• _Goal of the exercise_
Pick out all lines in the listing holding the string "Manga" and copy them.

Stored data section start

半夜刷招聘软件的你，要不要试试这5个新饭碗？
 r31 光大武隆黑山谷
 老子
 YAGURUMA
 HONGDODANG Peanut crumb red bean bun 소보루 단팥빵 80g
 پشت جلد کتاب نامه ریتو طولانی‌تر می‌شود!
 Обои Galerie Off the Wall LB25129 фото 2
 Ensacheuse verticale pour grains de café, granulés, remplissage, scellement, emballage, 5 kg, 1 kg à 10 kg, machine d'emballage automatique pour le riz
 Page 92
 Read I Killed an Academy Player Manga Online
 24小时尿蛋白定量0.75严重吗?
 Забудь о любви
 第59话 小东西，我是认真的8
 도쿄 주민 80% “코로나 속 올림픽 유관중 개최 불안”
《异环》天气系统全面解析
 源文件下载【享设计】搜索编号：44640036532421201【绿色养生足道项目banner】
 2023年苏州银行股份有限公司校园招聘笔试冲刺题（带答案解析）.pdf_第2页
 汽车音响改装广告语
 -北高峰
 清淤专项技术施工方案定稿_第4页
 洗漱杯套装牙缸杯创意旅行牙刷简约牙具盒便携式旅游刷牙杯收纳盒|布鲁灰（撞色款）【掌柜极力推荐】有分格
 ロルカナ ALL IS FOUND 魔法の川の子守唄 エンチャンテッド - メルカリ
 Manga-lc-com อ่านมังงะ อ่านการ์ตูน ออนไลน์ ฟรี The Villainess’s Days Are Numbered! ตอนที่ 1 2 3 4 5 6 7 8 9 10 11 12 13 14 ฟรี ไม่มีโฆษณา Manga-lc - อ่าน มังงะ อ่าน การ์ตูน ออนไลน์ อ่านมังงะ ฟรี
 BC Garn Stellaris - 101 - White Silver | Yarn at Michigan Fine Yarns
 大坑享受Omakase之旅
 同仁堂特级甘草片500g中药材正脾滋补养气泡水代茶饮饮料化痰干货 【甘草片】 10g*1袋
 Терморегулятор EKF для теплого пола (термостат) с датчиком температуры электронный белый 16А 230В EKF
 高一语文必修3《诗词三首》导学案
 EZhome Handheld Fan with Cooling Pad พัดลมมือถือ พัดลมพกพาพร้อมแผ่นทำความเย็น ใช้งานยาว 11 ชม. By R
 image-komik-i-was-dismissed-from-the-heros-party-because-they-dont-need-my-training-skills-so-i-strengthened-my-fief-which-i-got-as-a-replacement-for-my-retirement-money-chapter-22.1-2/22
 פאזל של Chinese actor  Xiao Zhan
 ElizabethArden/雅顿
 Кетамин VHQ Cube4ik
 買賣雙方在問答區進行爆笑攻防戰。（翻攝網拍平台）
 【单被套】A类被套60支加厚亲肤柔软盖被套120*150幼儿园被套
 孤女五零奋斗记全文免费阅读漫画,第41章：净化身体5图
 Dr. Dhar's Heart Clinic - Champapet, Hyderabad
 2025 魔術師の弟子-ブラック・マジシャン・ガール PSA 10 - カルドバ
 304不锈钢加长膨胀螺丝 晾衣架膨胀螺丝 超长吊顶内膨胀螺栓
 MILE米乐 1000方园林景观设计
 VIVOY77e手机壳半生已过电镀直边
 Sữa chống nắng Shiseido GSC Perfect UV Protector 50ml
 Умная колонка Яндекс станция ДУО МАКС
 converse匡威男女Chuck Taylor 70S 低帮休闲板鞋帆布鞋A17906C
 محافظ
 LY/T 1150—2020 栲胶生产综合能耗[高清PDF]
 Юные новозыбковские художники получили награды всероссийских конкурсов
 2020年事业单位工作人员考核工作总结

Stored data section end

• _Your response_
 Read I Killed an Academy Player Manga Online
 Manga-lc-com อ่านมังงะ อ่านการ์ตูน ออนไลน์ ฟรี The Villainess’s Days Are Numbered! ตอนที่ 1 2 3 4 5 6 7 8 9 10 11 12 13 14 ฟรี ไม่มีโฆษณา Manga-lc - อ่าน มังงะ อ่าน การ์ตูน ออนไลน์ อ่านมังงะ ฟรี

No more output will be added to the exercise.